**WORK INSTRUCTIONS**
In the material below, find the line with "Produktbild SKIN1004 Madagascar" and the line with "Taunton Avenue, Sheffield, South", then output both and every line between them exactly, omitting pictures.

**DATA TO PROCESS**
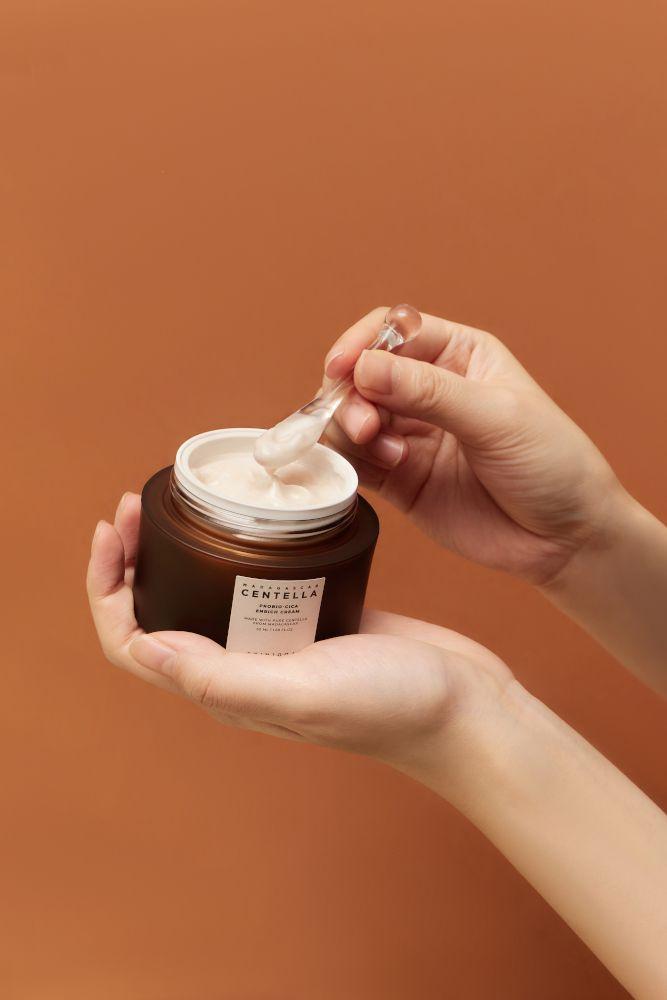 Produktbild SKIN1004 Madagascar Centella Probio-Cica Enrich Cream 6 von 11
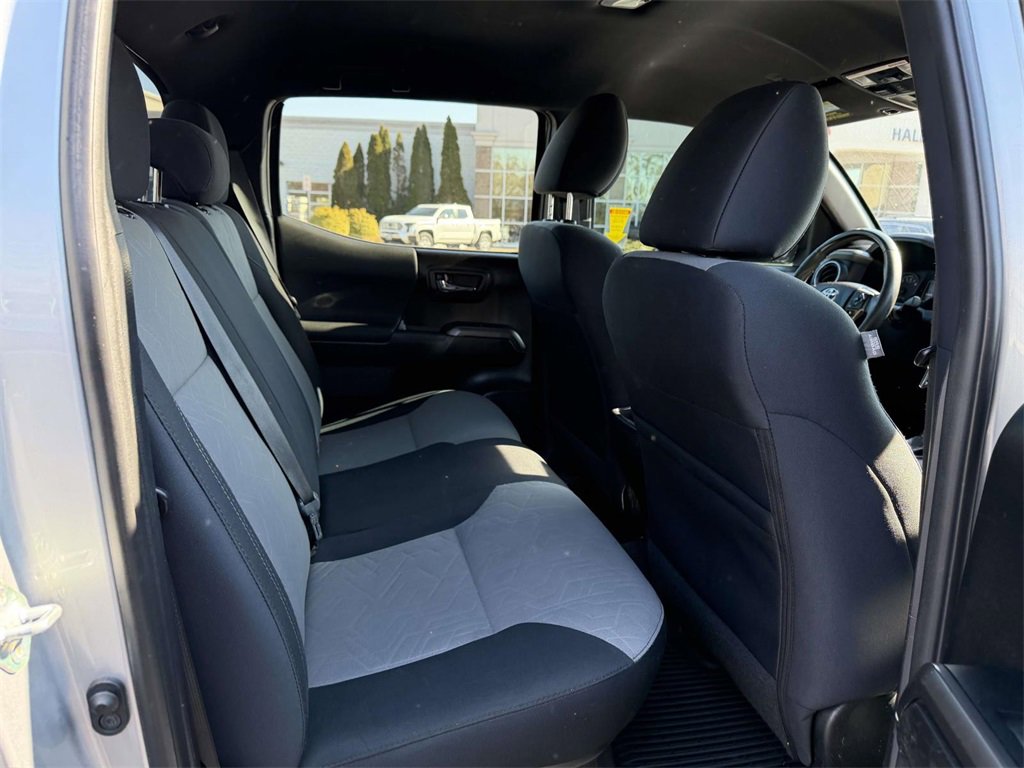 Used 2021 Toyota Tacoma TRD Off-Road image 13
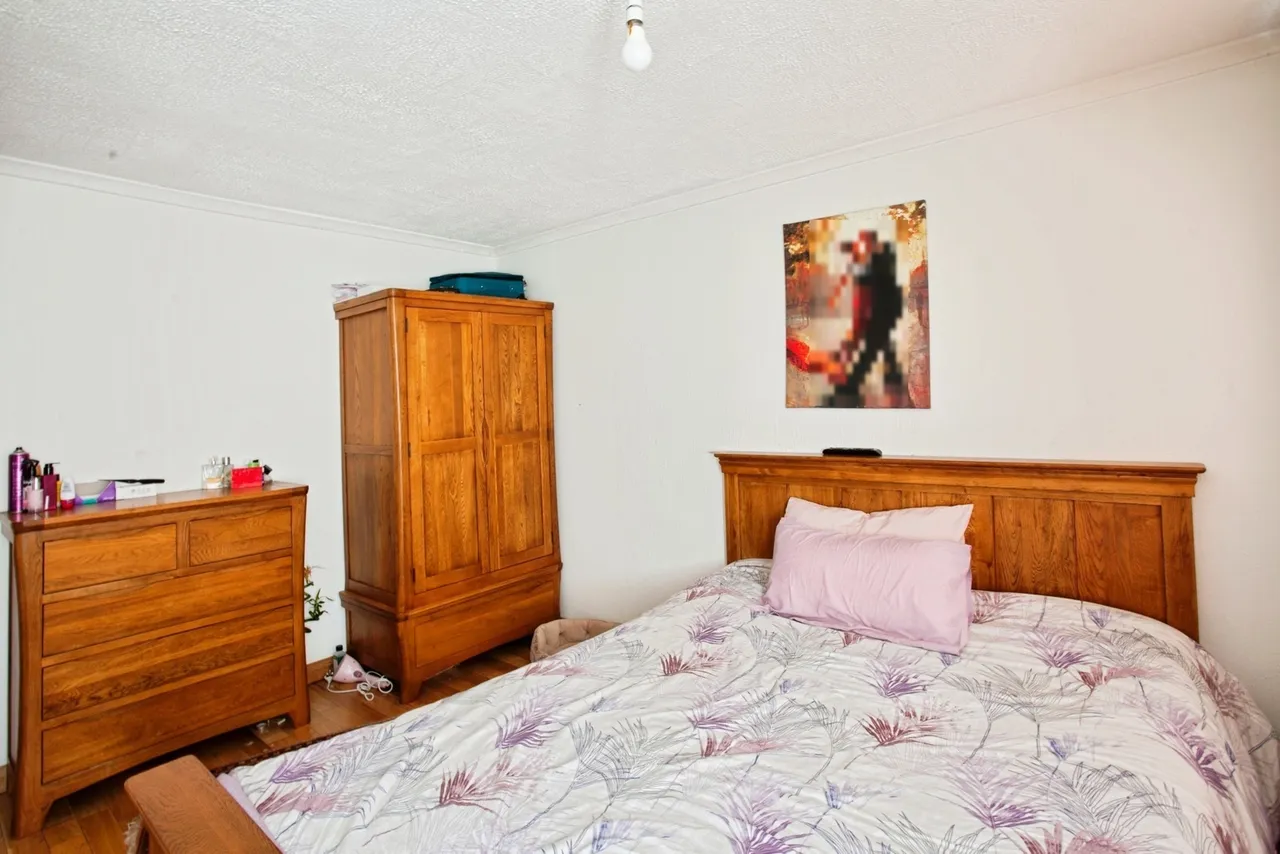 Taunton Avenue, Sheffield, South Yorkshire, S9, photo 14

--

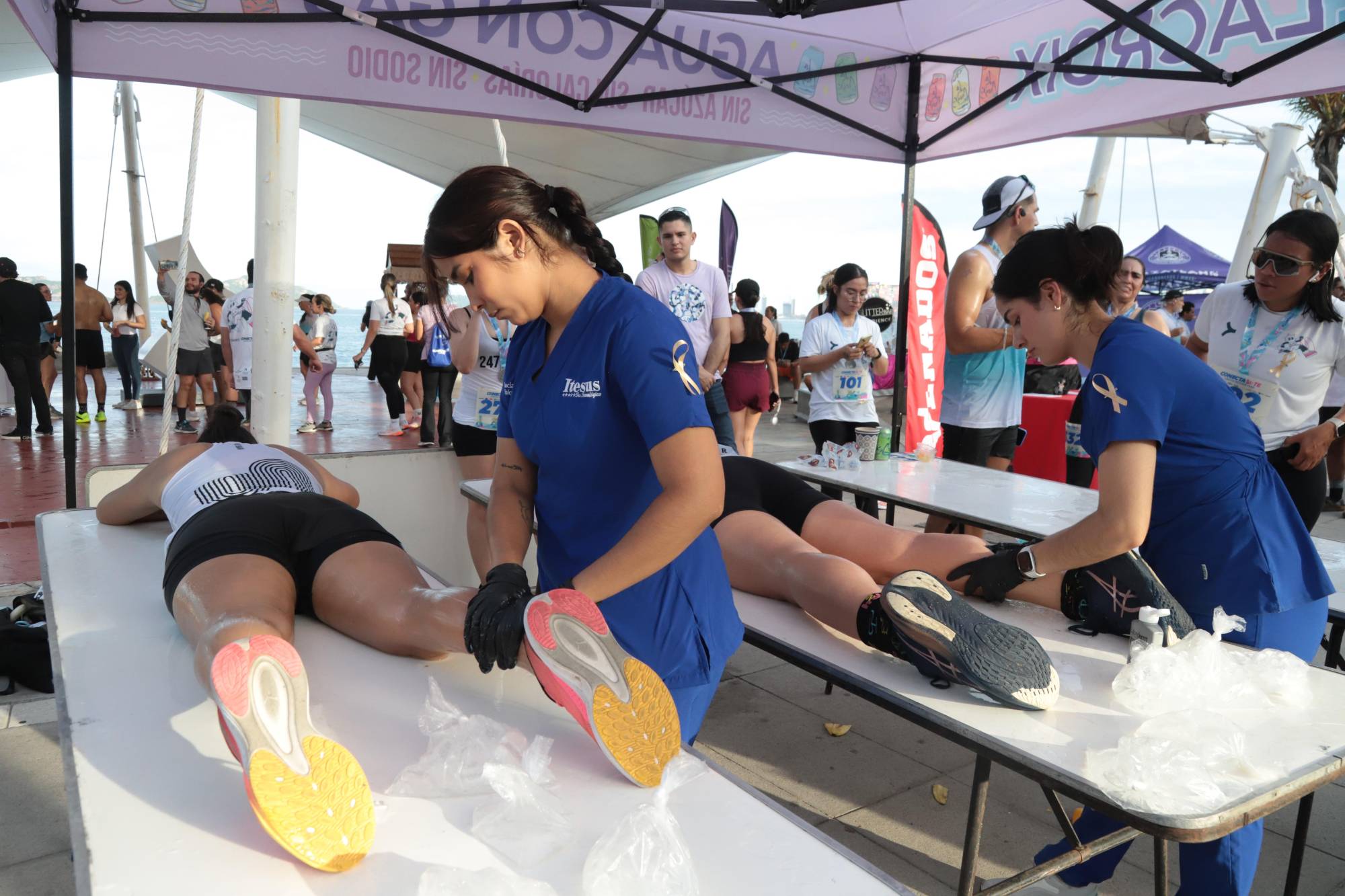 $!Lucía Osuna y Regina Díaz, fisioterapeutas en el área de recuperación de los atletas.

...

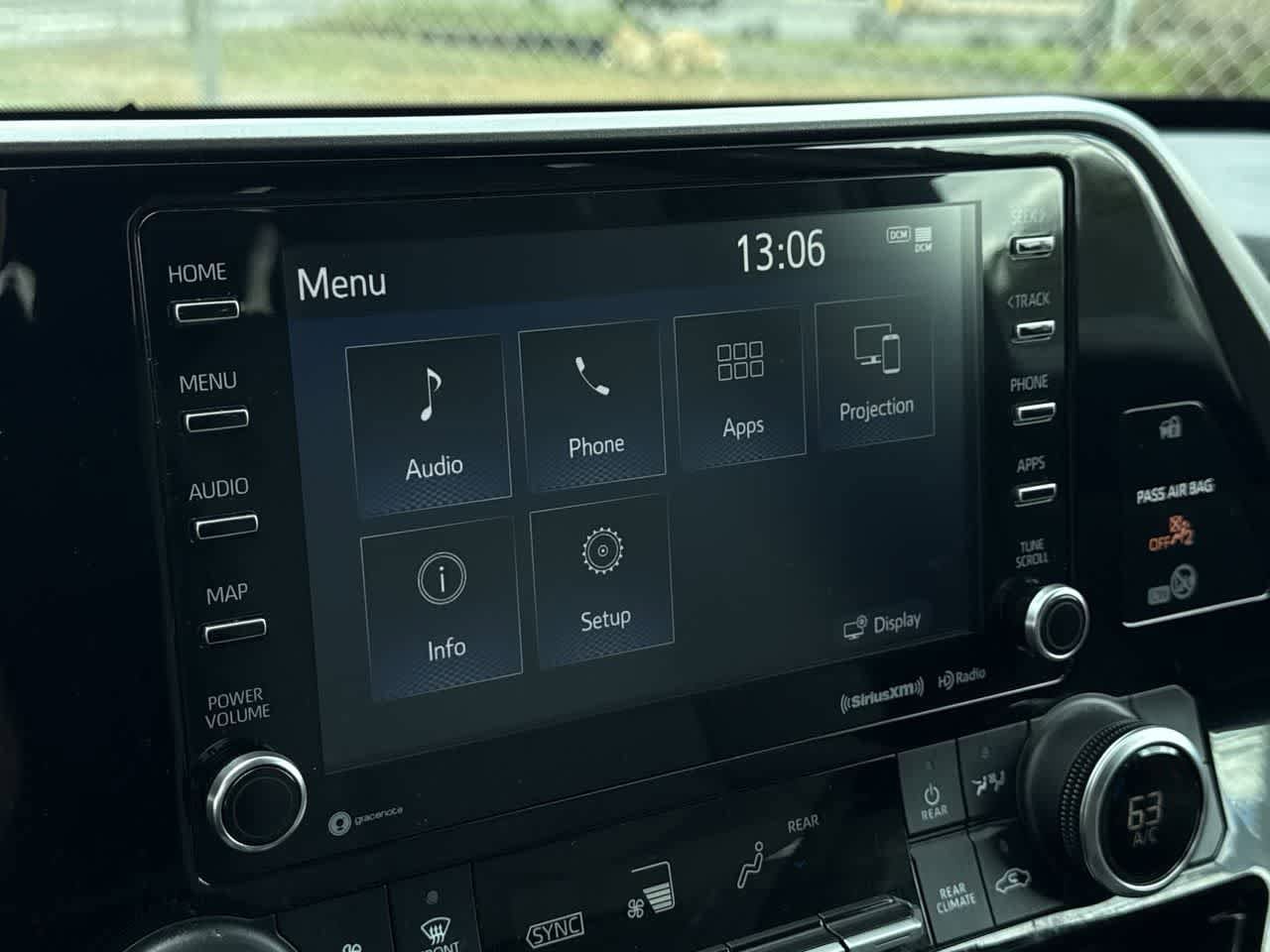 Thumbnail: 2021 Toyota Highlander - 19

**WORKED SOLUTION**
 Produktbild SKIN1004 Madagascar Centella Probio-Cica Enrich Cream 6 von 11
 Used 2021 Toyota Tacoma TRD Off-Road image 13
 Taunton Avenue, Sheffield, South Yorkshire, S9, photo 14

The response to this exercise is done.